[Given entries Boundary: Start]

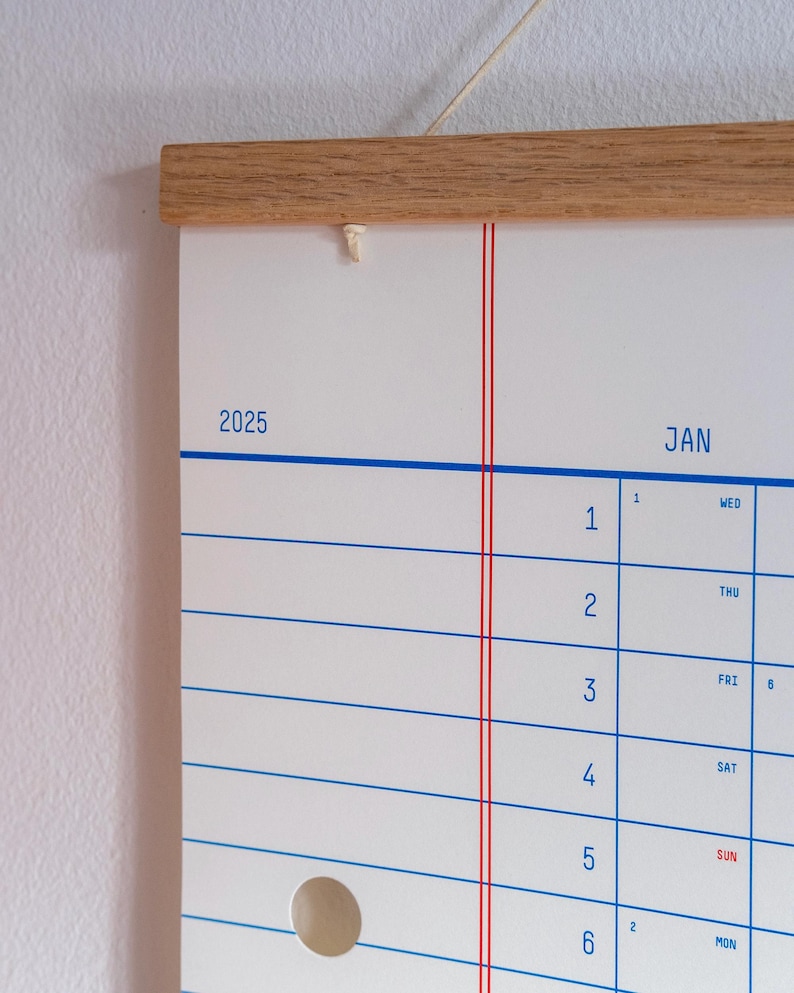 May include: A white wall calendar with a wooden frame and red and blue lines. The calendar is for the year 2025 and the month of January. The days of the week are labelled in blue and the numbers for the days of the month are in black.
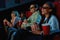 Joyful mixed race young woman wearing glasses, eating popcorn while watching movie in cinema auditorium together with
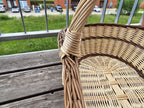 Close-up of the twisted handle joining the rim of the extra large willow trug, showing the woven oval base inside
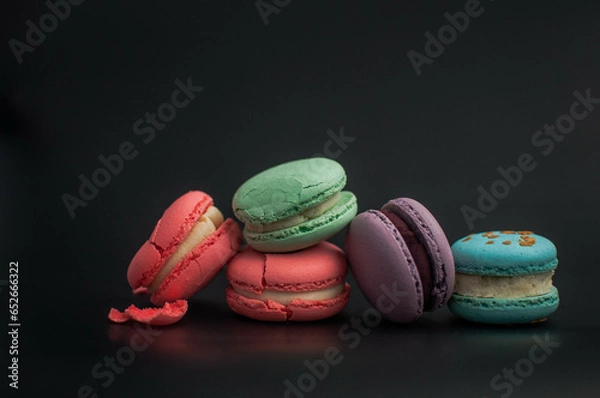 Obraz crushed multi-colored macaroons on a black background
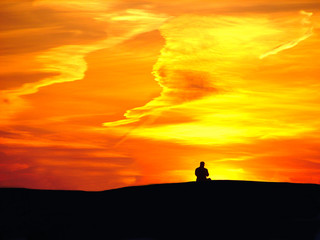 Fototapeta premium Man on sunset background and orange sky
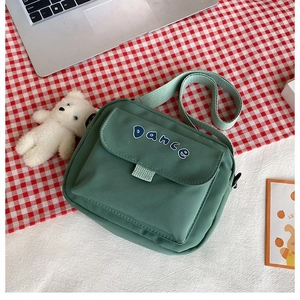 Close-up of green canvas crossbody bag featuring Dance embroidery and plush bear charm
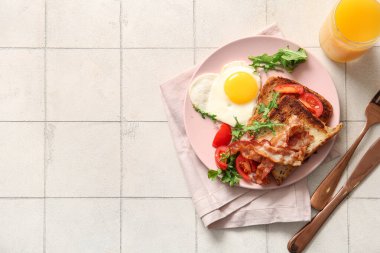 Lezzetli sahanda yumurta, tost, pastırma, domates ve arka planda bir bardak meyve suyu.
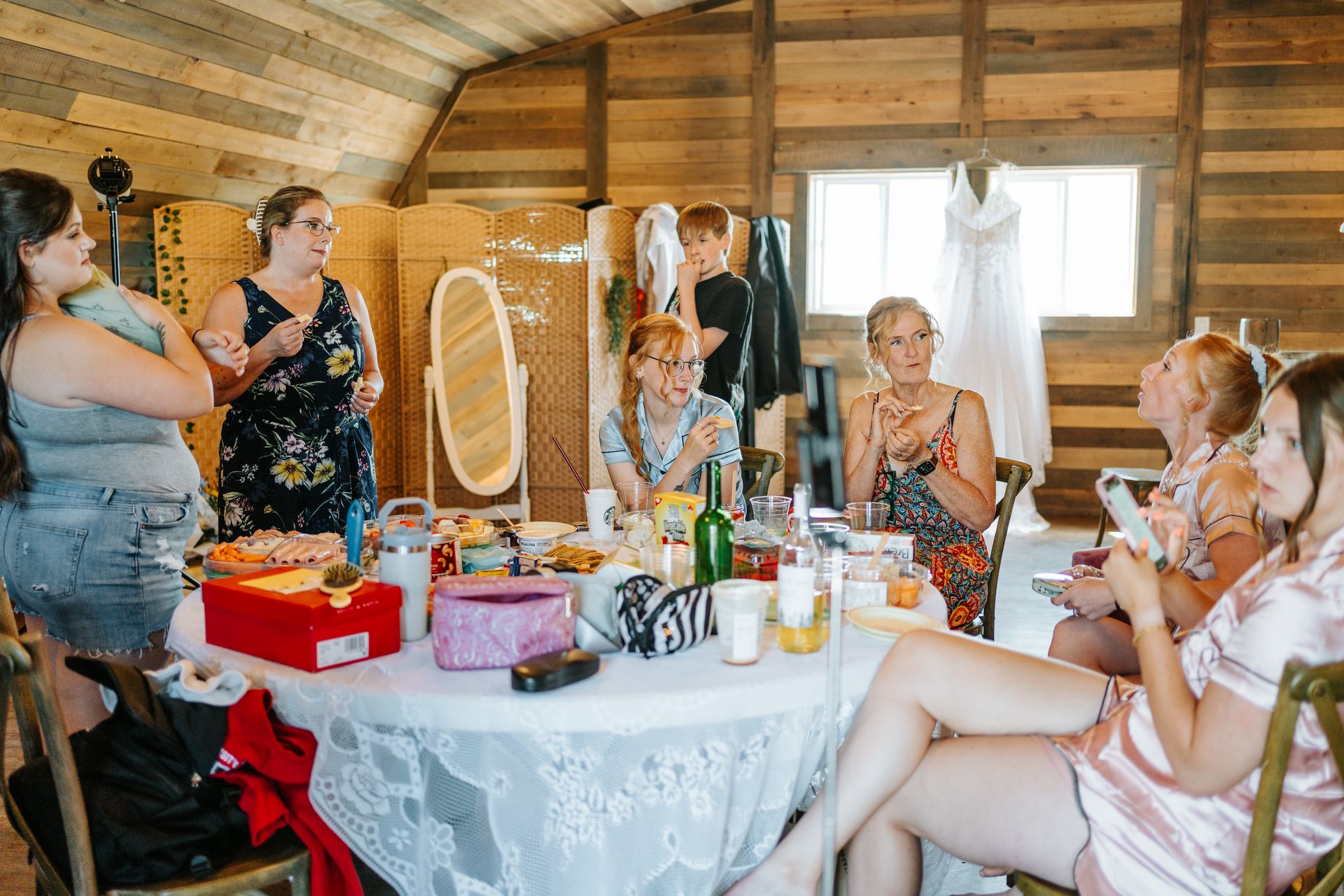 Bride Alysia and bridesmaids getting ready together in the barn at Deer Meadow Farm Manitoba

[Given entries Boundary: End]

## What to do
Every entry must be retyped exactly, with the pictures removed.

## Result of this task
 May include: A white wall calendar with a wooden frame and red and blue lines. The calendar is for the year 2025 and the month of January. The days of the week are labelled in blue and the numbers for the days of the month are in black.
 Joyful mixed race young woman wearing glasses, eating popcorn while watching movie in cinema auditorium together with
 Close-up of the twisted handle joining the rim of the extra large willow trug, showing the woven oval base inside
 Obraz crushed multi-colored macaroons on a black background
 Fototapeta premium Man on sunset background and orange sky
 Close-up of green canvas crossbody bag featuring Dance embroidery and plush bear charm
 Lezzetli sahanda yumurta, tost, pastırma, domates ve arka planda bir bardak meyve suyu.
 Bride Alysia and bridesmaids getting ready together in the barn at Deer Meadow Farm Manitoba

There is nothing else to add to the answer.